David McKitterick, ‘The “Lost” World of Flann O’Brien’, in The Independent [UK] (28 Feb. 2006)

[Details: David McKitterick, ‘The “Lost” World of Flann O’Brien’, in The Independent [UK] (28 Feb. 2006), pp.28-29. Subheading: Forty years after the death of one of Ireland’s most eccentric literary stars, thousands of Americans are rushing to buy his work. Why? Because one of his books appeared on a hit television drama series.]

Flann O’Brien, one of Ireland’s more neglected literary lions, would have undoubtedly been both bemused and amused by the revival of interest in his works sparked by, of all things, the American television drama Lost. He imagined and created many fantastic and creative things in his writing career, but the the idea that television should suddenly cause such a rush on his book would surely have caused him to blink in disbelief.

Yet the Lost series has such a large and mesmerised following that even a fleeting glimpse of his novel The Third Policeman was enough to send thousands of American viewers hurrying to the book-shops.

Although its cover was shown on-screen for just one second, the book sold 15,000 copies after a scriptwriter hinted that it had been chosen ‘very specifically for a reason’.

But fans anxious to unravel the mysteries of Lost will find no easy answers in O’Brien’ss book since it is, in one reviewer’s words, ‘a fusion of the fantastic and the legendary. Another reader has it as a ‘brilliant comic novel about the nature of time, death and existence’. Decades of debate among O’Brien devotees have failed to pin down quite what the book is all about.

It is about hell, involving a murder and a policeman fixated on the possibililty of molecular transference between a bicycle and its habitual rider, so that each partially becomes the other. The narrator, who is one of the murderers, is himself blown up and, killed in the first chapter. But, not realising this, he narrates on. The reader meanwhile, is made aware that something has happened, but is not told that the narrator is dead.

There are, plainly, no easy answers in this book though at least it does not start, as another O’Brien novel does, with separate openings. As this suggests, those venturing into the world of Flann O’Brien will find it funnier than that of Lost but, if anything, even more bizarre, absurd and baffling.

Though much of the literary world would not agree, quite a few in Ireland speak of him in the same breath as Joyce and Beckett. Graham Greene and Dylan Thomas were among his admirers, while a small but ardent cult following means the world of letters has never forgotten him since he died in 1966, at the age of 54. The story of his life is an extraordinary tragi-comic tale: comic in that the few books he produced are ranked by some as among the most brilliant humour ever written; tragic in that his legendarily heavy drinking may well have shortened his life.

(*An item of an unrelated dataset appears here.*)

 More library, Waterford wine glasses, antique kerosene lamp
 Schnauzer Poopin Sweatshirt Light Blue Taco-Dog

Many of those who knew him were utterly fascinated by him. ‘He was pugnacious and obnoxious but he was wonderful,’ Anthony Cronin, who wrote his biography, No Laughing Matter, said yesterday. ‘There is a sense which he was genius or bust. There was a quality of extraordinary originality and brilliance about him.’

Another Irish author, Tony Gray, described him in his book on Irish journalism as ‘a small, shy, taciturn character with teeth like a rabbit and a greasy felt hat’. He added that he was by far the angriest man I ever met. Gray, who worked with O’Brien at The Irish Times, summed him up as not one character but many, all them angry, intolerant, irascible, extremely critical of the Establishment, violently opposed to pretension in any shape or form, and very, very funny’.

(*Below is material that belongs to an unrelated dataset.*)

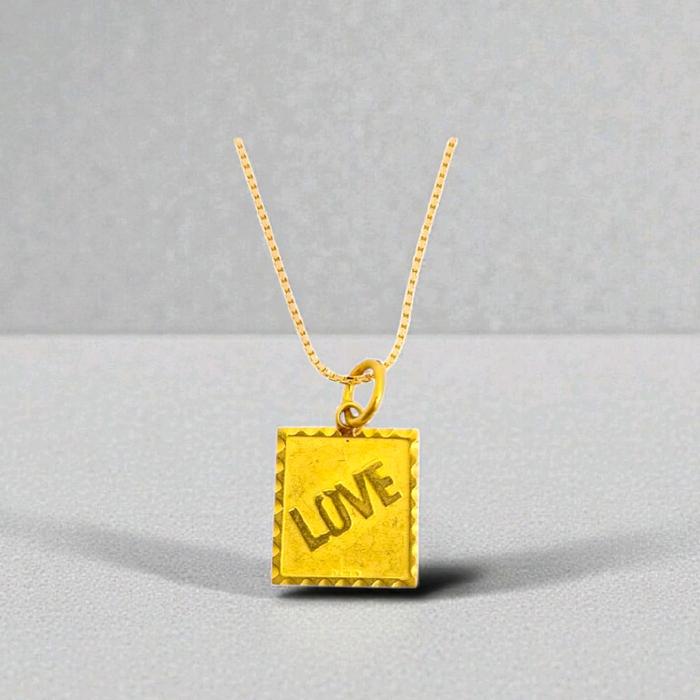 Love Yellow Gold Pendant 23K / Liontin Emas Love 23K / Diamond Jewelry / 293LMSWP3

The story of how O’Brien came to write a column for The Irish Times is as peculiar and outlandish as anything in his writings. A brilliant Gaelic and classical scholar, he started his own college magazine, called Blather, announcing in its first issue: ‘Blather has no principles, no honour, no shame. We are an arrogant and a depraved body of men, as proud as bantams and as vain as peacocks.’

As a Dublin civil servant during the Second World War O’Brien was strictly forbidden to express his opinions publicly, and so resorted to pen-names instead of his own name, Brian o’Nolan. He carried this practice to extremes, writing spurious letters to The Irish Times, sometimes in the names of actual people: then he would write follow-up letters denouncing his own correspondence.

He did this so well that the editor of The Irish Times, R. M. “Bertie” Smyllie, became greatly worried that the columns were being hijacked with bogus correspondence.

Eventually Srnyllie, who was himself something of a character, announced: ‘I have decided to employ O’Nolan as a columnist. If we pay the bugger to contribute to this shuddering newspaper, he will probably no longer feel tempted to contribute gratis, under various pseudonyms, to the correspondence columns’.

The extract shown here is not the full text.